Building construction accounts for roughly 36% of global energy consumption and emits
about 39% of CO2 from energy use [9]. Consequently, there is a growing push to adopt
sustainable construction methods and utilize materials with low embodied energy [10]. As
buildings stand as major contributors to CO2 emissions, the focus is shifting towards timber
as a building material choice. Timber is renewable, stores carbon, and boasts low embodied
carbon from production [11]. However, while high-rise timber frames represent a significant
step in integrating timber at a larger scale, their connections often rely on steel, contributing
to increased embodied carbon.
This thesis explores the resurgence of interest in wood-to-wood connections as a response
to sustainability imperatives in modern construction. It examines the historical significance of
timber joinery, the current state of sustainable construction, and the potential of engineered
timber products in reducing carbon emissions. Furthermore, the thesis investigates modern
innovations in timber connections, focusing on the development of ductile and eco-friendly
alternatives to steel fasteners. Through theoretical frameworks, experimental studies, and
structural validations, this research aims to understand the impact of implementing timber
dry joints on the embodied carbon of high-rise timber building frames.

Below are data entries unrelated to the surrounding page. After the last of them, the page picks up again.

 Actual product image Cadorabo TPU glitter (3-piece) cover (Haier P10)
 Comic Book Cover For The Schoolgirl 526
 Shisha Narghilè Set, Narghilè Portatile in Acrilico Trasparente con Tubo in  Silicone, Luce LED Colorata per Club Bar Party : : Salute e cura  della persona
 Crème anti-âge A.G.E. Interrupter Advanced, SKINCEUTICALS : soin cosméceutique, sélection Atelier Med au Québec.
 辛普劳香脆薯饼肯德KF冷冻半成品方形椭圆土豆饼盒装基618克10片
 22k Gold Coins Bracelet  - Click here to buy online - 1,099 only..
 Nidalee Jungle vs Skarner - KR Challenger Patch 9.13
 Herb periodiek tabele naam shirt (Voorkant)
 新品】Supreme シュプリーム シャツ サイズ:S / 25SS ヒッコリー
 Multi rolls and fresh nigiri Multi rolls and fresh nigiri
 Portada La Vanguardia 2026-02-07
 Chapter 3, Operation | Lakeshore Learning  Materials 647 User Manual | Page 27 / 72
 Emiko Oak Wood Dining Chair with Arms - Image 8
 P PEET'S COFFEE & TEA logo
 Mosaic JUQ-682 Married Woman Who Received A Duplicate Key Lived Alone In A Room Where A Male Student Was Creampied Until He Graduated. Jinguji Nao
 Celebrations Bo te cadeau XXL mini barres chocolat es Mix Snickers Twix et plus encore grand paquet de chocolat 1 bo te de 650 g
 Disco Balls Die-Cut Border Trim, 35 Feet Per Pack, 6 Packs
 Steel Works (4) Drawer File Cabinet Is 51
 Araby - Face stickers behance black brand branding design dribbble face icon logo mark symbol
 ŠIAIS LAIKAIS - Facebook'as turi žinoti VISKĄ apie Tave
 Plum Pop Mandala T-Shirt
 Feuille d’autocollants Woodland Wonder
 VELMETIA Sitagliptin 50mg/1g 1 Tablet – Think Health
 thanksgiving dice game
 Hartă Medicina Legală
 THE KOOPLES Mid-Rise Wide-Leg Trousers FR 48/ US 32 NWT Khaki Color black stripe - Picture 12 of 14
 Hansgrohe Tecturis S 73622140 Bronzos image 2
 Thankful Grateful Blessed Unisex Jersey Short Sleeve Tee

Results reveal that while timber dry joints offer potential in reducing embodied carbon,
their effectiveness varies. While they can reduce the need for steel fasteners, their impact
on lowering embodied carbon is limited. Conversely, the integration of continuous beams
and multiple-span floor systems proves to significantly reduce embodied carbon in timber
building frames.
Overall, the findings underscore the importance of holistic approaches in optimizing timber
building frames for sustainability, highlighting the potential of innovative design strategies in
achieving carbon reduction goals.